Exército diz que destruiu papéis, mas não prova
O Exército ligou o piloto automático ao reagir à revelação contida em documento secreto da CIA sobre a política de execuções sumárias da ditadura militar brasileira. Divulgado no site do Departamento de Estados dos Estados Unidos, o texto sustenta que o ex-presidente Ernesto Geisel (1974-1979) avalizou a manutenção da prática de eliminar os adversários do regime. "Os documentos sigilosos, relativos ao período em questão e que eventualmente pudessem comprovar a veracidade dos fatos narrados, foram destruídos, de acordo com as normas existentes à época", informou o Exército, em nota ecoada pelo Ministério da Defesa.
Repare que o Exército não nega o teor da revelação. Limita-se a sustentar que está impossibilitado de se manifestar sobre o passado, pois o papelório da época virou cinzas. Não é a primeira vez que a tática é empregada. Não será a última. Mas documentos secretos do próprio Exército revelam que a alegação não fica em pé. Falta uma prova da destruição dos documentos.
Normas internas de contra-espionagem do Exército estabelecem regras estritas para a destruição de papéis. Vigoram desde o início da década de 70. Constam de um manual que, atualizado ao longo dos anos, mantém a mesma política quanto aos arquivos secretos.
Obtive cópia desse manual, em sua versão de 1994. Traz na capa a seguinte inscrição: "Instruções Gerais de Contra-Inteligência para o Exército Brasileiro". Dedica um tópico à "segurança na destruição". Estipula que "a destruição de documentos sigilosos deve ser centralizada, de forma a evitar desvios".

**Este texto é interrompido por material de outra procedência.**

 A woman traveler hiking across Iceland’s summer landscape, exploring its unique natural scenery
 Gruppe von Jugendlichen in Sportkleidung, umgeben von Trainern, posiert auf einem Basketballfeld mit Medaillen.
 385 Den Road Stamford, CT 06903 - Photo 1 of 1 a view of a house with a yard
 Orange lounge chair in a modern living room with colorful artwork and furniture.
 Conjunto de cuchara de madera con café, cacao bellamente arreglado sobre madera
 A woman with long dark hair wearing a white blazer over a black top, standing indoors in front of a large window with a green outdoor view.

Meticuloso, o texto recomenda que "os documentos sejam triturados e depois queimados". Anota ainda que a queima deve ser precedida da "lavratura de um termo de destruição".
Ou seja: se quiser ser levado a sério, o Exército precisa exibir um lote de "termos de destruição". Antes, convém certificar-se da idade dos documentos. Não ficaria bem divulgar papeis que, submetidos às modernas técnicas de perícia e análises tipográficas, desmoronassem.

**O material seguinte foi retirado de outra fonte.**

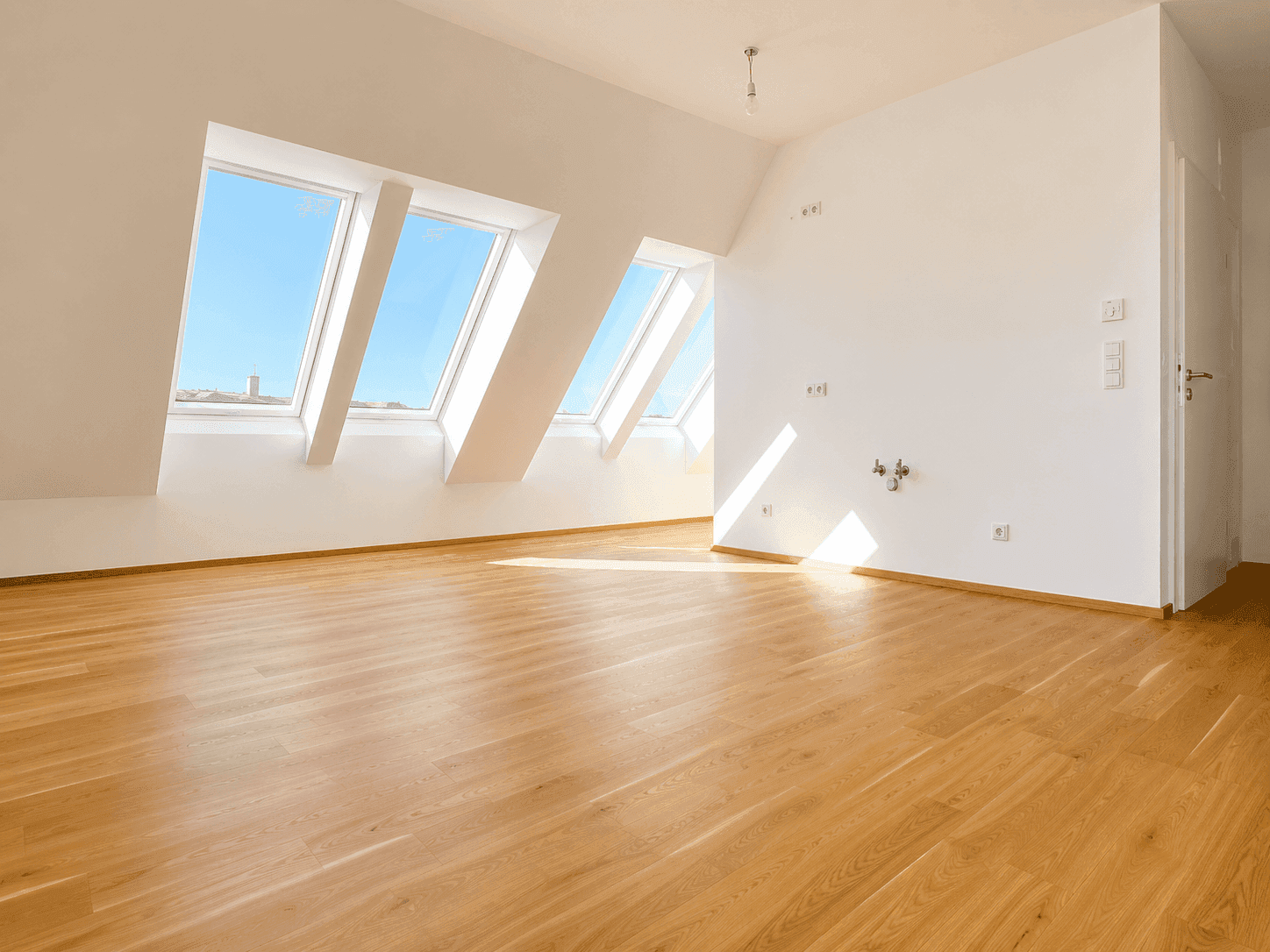 Heller Dachgeschossraum mit schrägen Wänden, großen Dachfenstern und neuem Holzfußboden.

Divulguei na Folha, em agosto de 2001, papéis secretos cujo teor desafia a retórica oficial do Exército. Os documentos contêm detalhes das operações de combate à guerrilha. Informam, por exemplo, que, ao desembarcar no sul do Pará, a soldadesca sabia o que fazer com os corpos inimigos.
Os cadáveres não poderiam ser desovados a esmo na selva. Depois de identificados, deveriam ser depositados em covas previamente selecionadas. Em resposta a questionamentos que fiz na época, o Exército divulgou uma nota oficial curiosa. O texto sustentava a pantomima da ausência de informações sobre o destino dos corpos da turma do PC do B. Mas admitia a existência de arquivos que, hoje, o mesmo Exército tenta fazer crer que foram destruídos.

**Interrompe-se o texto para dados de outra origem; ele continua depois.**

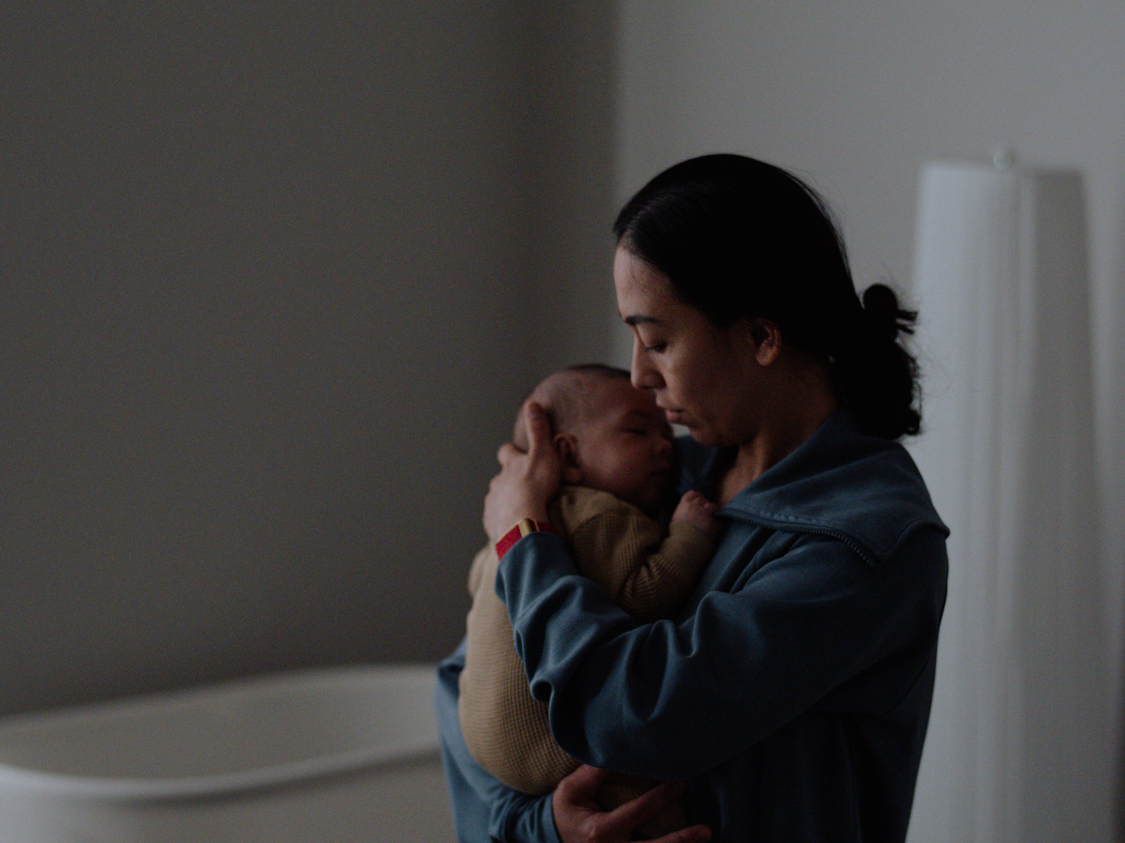 caption: Farida Azizova-Such inside the nursery rocking her son to sleep. "He was 5 weeks when we started coming. It's just my husband and I taking care of him, so I was alone at home. I wanted to find new moms to connect with and a safe space to be able to come and learn about how to take care of a baby, and also my identity shifted when you become a mother."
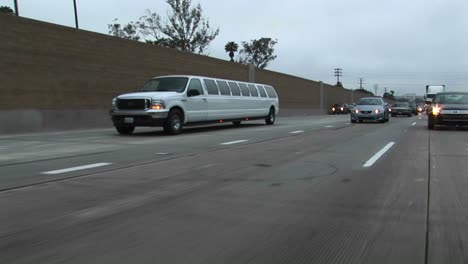 a stretch limo drives down a freeway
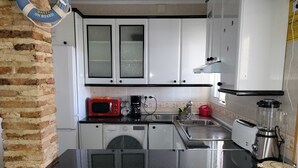 Une cuisine avec des meubles blancs, un four à micro-ondes rouge, une machine à café, un grille-pain et un mixeur.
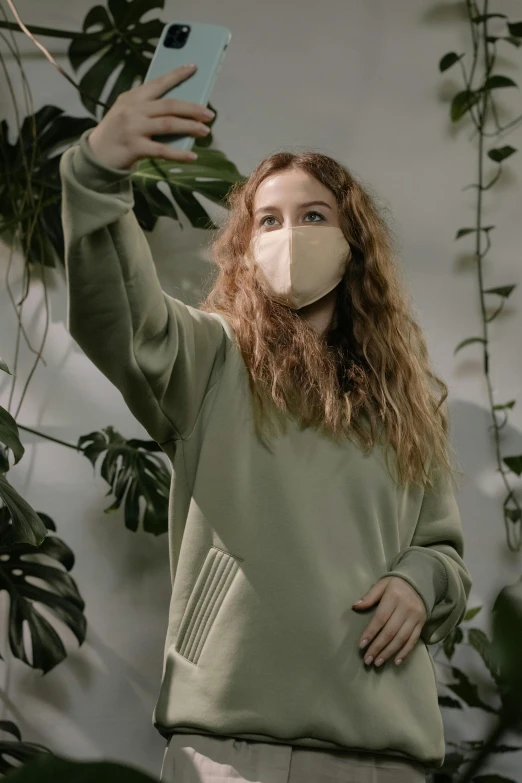 a woman wearing a face mask taking a selfie, inspired by Elsa Bleda, renaissance, greenery, beige, monochromatic, sweater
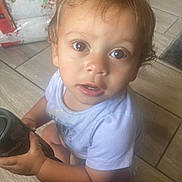 Zaydyn joined the competition — help win amazing prizes! toddler, child, baby, person, face, eyes, hair, clothing, floor, tile, hand, object, indoor, curious, sitting, looking_up, skin, young, essential_puffs, package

Dizia a nota oficial de 7 de agosto de 2001: "Quanto aos desaparecidos nos combates travados naquela região, é importante salientar o que o Exército tem reiterado exaustivamente quando consultado a respeito do assunto: NOS ARQUIVOS EXISTENTES, nada foi encontrado que pudesse indicar a localização de seus corpos".
Já passou da hora de o Estado brasileiro presentear o país com uma abertura ampla, geral e irrestrita dos documentos da repressão. O brasileiro tem direito à sua história. Não é justo impor aos jovens oficiais do Exército de hoje o constrangimento de ter de inventar uma nova destruição de documentos a cada revelação fortuita.
De resto, parece ainda mais injusto condenar a sociedade brasileira à surpresa perpétua de trombar com seu passado de chumbo, exposto em documentos divulgados a conta-gotas pelo governo dos Estados Unidos. É constrangedor.